President Clinton has decided to sign an executive order that changes
the rules restricting the overseas sale of the technology, the
officials said. Although the full details of the plan had yet to be
revealed, privacy advocates and some industry executives contended
that it would be difficult to put into practice.
Under current rules, companies can sell only relatively easy-to-crack
scrambling technology. Under the plan, they would get permission to
export somewhat more sophisticated versions of the software and
hardware, which prevents eavesdroppers from looking at information.
The issue has caused enormous friction between the government and
computer industry and privacy groups, which contend that keeping any
restrictions in place will harm the protection of personal information
everywhere and slow the development of on-line commerce, which relies
on keeping credit card numbers and other sensitive information secure.
The administration counters that it has come a long way in meeting
such objections. However, last night some companies and privacy
advocates were still worried that the constraints will leave U.S.
companies at a disadvantage abroad and will not ensure that
individuals will be able to protect their communications.
The government's plan preserves what has been its unnegotiable
cornerstone since the debate began in the early day of the Clinton
administration -- that law enforcement officials must have the means
for peeking at encrypted information when they are properly equipped
with court authorization.
Earlier versions of the plan tightly limited what kinds of technology
could be sold abroad. They also called for makers of encryption
technology to deposit "keys" with approved third parties so that law
enforcement authorities could decode material. The new plan doesn't
specify who would have the keys.
Last night, several companies, led by International Business Machines
Corp., said they have a technical plan that they believe could comply
with the new rules on keys.
[...]
Industry officials say they ultimately want to be able to use the most
sophisticated encryption technology available. "It's really critical
to doing business around the world," said an IBM source. "But
governments exist. It's a balancing act . . . to satisfy the needs of
the governments and make sure that markets and individuals trust the
integrity of what's being sent over the networks."
------------------------------
Date: Tue, 1 Oct 1996 20:23:46 -0700 (PDT)

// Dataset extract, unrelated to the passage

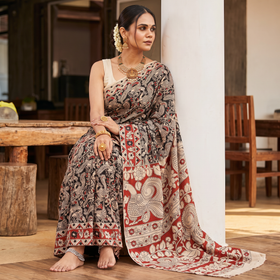 Black Kalamkari Printed Cotton Saree, draped and worn by a woman, AI visual of the saree, iTokri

From: Declan McCullagh <declan@well.com>
Subject: File 4--White House Statement on Return of Clipper
[Also at http://www.epic.org/crypto/key_escrow/clipper4_statement.html
-Declan]
THE WHITE HOUSE
Office of the Vice President
FOR IMMEDIATE RELEASE
CONTACT: 456-7035
TUESDAY, October 1, 1996
STATEMENT OF THE VICE PRESIDENT
President Clinton and I are committed to promoting the growth of
electronic commerce and robust, secure communications worldwide
while protecting the public safety and national security. To that
end, this Administration is consulting with Congress, the
information technology industry, state and local law enforcement
officials, and foreign governments on a major initiative to
liberalize export controls for commercial encryption products.
The Administration's initiative will make it easier for Americans
to use stronger encryption products -- whether at home or abroad
-- to protect their privacy, intellectual property and other
valuable information. It will support the growth of electronic
commerce, increase the security of the global information, and
sustain the economic competitiveness of U.S. encryption product
manufacturers during the transition to a key management
infrastructure.
Under this initiative, the export of 56-bit key length encryption
products will be permitted under a general license after one-time
review, and contingent upon industry commitments to build and
market future products that support key recovery. This policy
will apply to hardware and software products. The relaxation of
controls will last up to two years.
The Administration's initiative recognizes that an industry-led
technology strategy will expedite market acceptance of key
recovery, and that the ultimate solution must be market-driven.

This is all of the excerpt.